Study material: Begin

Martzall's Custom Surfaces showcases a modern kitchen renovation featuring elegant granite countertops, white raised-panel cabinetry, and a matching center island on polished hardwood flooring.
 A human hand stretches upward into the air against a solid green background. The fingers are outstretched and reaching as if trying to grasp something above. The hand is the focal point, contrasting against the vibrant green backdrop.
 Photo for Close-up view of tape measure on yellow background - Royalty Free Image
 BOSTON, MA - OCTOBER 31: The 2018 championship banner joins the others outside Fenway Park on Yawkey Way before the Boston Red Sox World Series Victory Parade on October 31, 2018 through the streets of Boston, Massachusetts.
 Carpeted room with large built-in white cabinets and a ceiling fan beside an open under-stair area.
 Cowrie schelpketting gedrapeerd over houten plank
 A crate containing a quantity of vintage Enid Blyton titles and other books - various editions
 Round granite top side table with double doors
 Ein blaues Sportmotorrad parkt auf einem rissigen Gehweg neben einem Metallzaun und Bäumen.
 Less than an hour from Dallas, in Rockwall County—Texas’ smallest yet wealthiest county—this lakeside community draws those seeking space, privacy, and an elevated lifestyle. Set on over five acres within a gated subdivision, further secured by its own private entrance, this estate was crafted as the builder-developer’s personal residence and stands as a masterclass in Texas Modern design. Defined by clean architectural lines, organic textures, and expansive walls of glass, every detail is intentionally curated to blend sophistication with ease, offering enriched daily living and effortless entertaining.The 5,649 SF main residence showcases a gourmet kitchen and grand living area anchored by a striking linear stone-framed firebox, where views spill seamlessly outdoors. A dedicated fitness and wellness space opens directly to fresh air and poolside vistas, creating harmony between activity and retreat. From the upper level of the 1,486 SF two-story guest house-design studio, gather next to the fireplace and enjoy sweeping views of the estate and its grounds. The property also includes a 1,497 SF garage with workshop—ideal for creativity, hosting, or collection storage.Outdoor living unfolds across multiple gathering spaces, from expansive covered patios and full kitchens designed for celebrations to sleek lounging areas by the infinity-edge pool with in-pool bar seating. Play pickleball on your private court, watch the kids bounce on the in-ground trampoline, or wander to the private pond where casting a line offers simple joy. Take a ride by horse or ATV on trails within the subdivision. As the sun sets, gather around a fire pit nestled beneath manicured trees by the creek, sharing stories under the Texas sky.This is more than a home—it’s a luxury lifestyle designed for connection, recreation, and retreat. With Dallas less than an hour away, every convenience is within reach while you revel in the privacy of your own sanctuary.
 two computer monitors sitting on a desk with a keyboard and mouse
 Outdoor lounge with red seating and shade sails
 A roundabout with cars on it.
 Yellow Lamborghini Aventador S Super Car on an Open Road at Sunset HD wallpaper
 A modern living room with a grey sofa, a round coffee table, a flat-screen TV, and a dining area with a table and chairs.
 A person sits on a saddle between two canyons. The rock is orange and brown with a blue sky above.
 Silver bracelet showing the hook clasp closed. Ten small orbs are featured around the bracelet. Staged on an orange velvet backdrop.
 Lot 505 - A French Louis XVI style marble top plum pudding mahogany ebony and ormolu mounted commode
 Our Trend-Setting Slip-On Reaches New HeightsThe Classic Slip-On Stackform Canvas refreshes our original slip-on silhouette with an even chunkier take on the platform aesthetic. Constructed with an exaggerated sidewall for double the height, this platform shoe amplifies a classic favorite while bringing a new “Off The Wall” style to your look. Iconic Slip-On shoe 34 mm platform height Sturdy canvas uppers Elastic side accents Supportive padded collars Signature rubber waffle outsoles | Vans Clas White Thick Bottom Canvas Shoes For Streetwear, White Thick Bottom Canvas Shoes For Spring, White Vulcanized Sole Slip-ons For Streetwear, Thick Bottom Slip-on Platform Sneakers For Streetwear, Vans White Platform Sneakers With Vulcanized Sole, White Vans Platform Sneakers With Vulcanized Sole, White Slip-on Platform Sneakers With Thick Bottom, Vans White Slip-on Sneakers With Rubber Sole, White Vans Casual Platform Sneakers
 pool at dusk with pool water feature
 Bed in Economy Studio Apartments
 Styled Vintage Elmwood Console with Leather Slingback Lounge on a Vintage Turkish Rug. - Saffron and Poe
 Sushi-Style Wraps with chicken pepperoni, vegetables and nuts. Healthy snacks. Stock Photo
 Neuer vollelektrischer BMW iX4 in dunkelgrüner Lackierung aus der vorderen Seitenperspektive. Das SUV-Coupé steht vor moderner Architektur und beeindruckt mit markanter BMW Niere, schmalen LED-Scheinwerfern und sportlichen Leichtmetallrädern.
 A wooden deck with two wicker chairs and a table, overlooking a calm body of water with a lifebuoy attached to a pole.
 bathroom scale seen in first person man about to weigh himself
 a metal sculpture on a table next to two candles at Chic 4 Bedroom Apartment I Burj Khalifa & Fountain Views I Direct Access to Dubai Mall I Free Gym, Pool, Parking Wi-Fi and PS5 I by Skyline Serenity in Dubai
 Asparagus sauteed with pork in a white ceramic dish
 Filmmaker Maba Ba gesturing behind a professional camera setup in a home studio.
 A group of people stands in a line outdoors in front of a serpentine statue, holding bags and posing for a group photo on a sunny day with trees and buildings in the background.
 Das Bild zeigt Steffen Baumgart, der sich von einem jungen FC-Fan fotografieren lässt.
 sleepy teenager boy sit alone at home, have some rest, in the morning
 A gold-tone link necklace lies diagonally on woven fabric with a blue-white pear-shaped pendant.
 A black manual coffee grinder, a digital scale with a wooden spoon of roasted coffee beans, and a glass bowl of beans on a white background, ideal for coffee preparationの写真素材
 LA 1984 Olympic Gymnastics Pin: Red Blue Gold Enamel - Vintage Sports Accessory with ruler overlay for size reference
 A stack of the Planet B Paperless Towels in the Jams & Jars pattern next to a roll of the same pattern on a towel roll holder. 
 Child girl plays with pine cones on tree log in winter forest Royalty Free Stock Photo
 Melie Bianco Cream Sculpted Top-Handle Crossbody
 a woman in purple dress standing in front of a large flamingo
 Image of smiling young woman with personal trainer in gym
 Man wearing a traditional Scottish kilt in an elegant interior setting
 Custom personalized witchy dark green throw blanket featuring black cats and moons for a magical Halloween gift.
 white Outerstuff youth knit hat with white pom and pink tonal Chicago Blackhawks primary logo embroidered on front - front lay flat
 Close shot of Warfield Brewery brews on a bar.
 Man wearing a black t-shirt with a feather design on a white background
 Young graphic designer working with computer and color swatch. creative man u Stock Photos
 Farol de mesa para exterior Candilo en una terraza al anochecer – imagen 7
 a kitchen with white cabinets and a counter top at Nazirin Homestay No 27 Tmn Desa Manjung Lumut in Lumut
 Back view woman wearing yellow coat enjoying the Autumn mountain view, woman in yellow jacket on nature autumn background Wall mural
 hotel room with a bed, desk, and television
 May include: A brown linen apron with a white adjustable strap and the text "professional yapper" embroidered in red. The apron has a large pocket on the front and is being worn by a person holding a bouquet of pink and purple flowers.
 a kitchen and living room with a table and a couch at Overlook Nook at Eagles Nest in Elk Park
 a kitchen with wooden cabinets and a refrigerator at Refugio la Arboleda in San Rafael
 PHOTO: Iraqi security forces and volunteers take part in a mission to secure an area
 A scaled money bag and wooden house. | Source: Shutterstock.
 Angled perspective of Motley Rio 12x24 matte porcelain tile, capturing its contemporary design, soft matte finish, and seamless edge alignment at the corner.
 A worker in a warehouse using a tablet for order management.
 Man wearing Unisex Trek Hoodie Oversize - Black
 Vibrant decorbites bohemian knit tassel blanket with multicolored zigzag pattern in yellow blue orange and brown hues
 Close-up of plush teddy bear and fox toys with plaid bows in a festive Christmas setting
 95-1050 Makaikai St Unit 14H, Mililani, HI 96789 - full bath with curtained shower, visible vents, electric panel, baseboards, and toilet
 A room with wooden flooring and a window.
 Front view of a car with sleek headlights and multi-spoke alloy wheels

Study material: End

What you have to do:
When the word "flooring" shows up in a line of the entries, report that line.

Reply to the exercise:
Martzall's Custom Surfaces showcases a modern kitchen renovation featuring elegant granite countertops, white raised-panel cabinetry, and a matching center island on polished hardwood flooring.
 A room with wooden flooring and a window.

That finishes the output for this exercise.